• _Required action_
Could you give again exactly, and only, the lines from the one holding "The 2016 ES" through the end of the data, both ends included, with pictures left out?

• _Records shown_
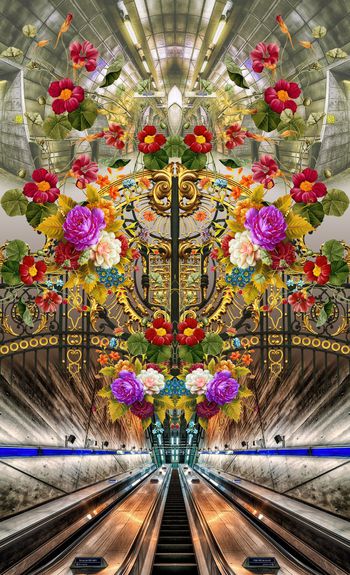 欧式印花华亿平台图片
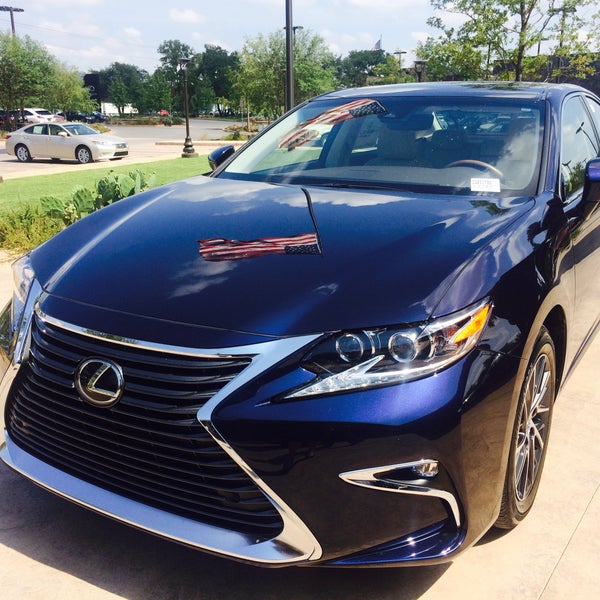 The 2016 ES just arrived!  Check out the new color: Nightfall Mica!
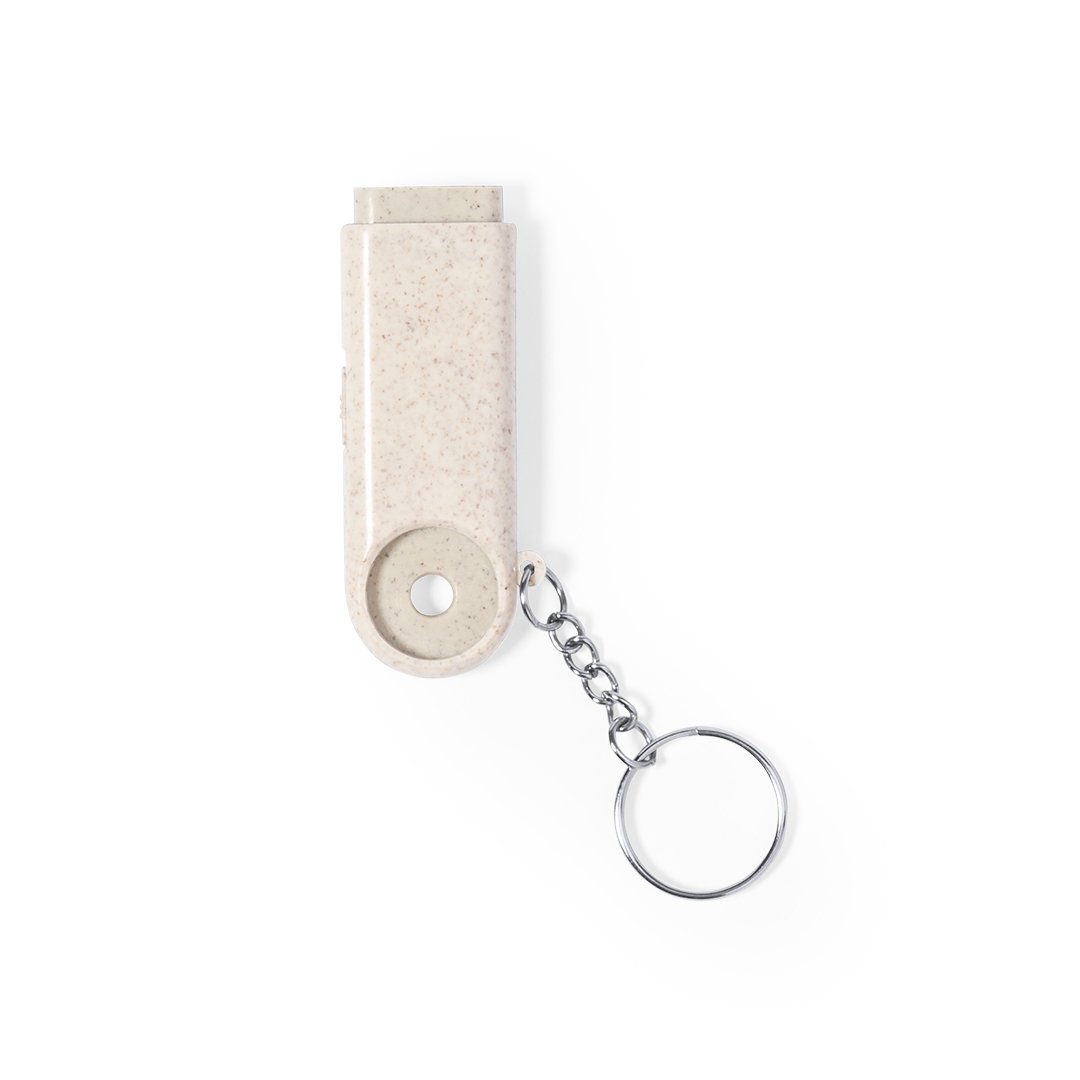 20232-013-P Llavero Moneda Evelyn - Imagen 1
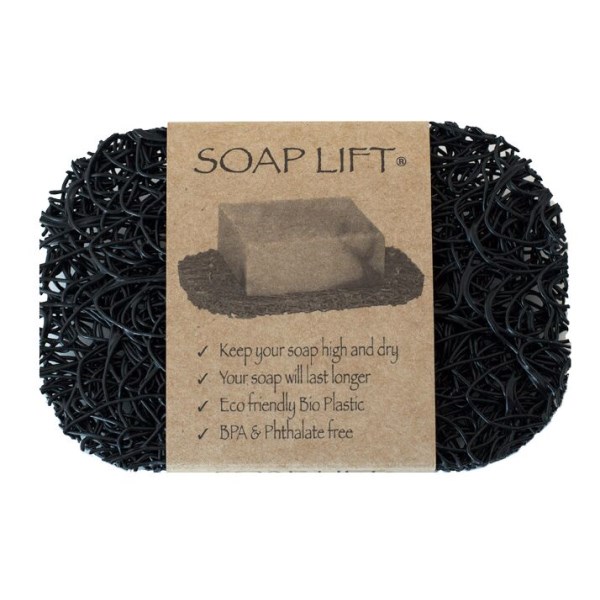 SoapLift Tvåldyna, Black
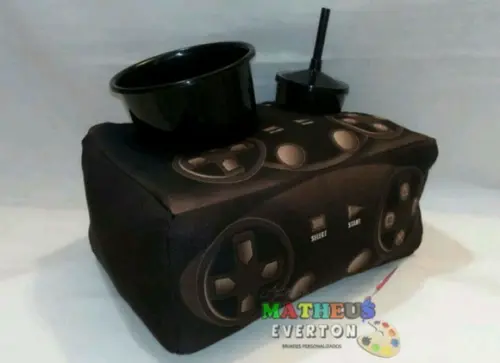 Kit Cinema Personalizado Video Game (faço Outros Temas)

• _Result of the exercise_
 The 2016 ES just arrived!  Check out the new color: Nightfall Mica!
 20232-013-P Llavero Moneda Evelyn - Imagen 1
 SoapLift Tvåldyna, Black
 Kit Cinema Personalizado Video Game (faço Outros Temas)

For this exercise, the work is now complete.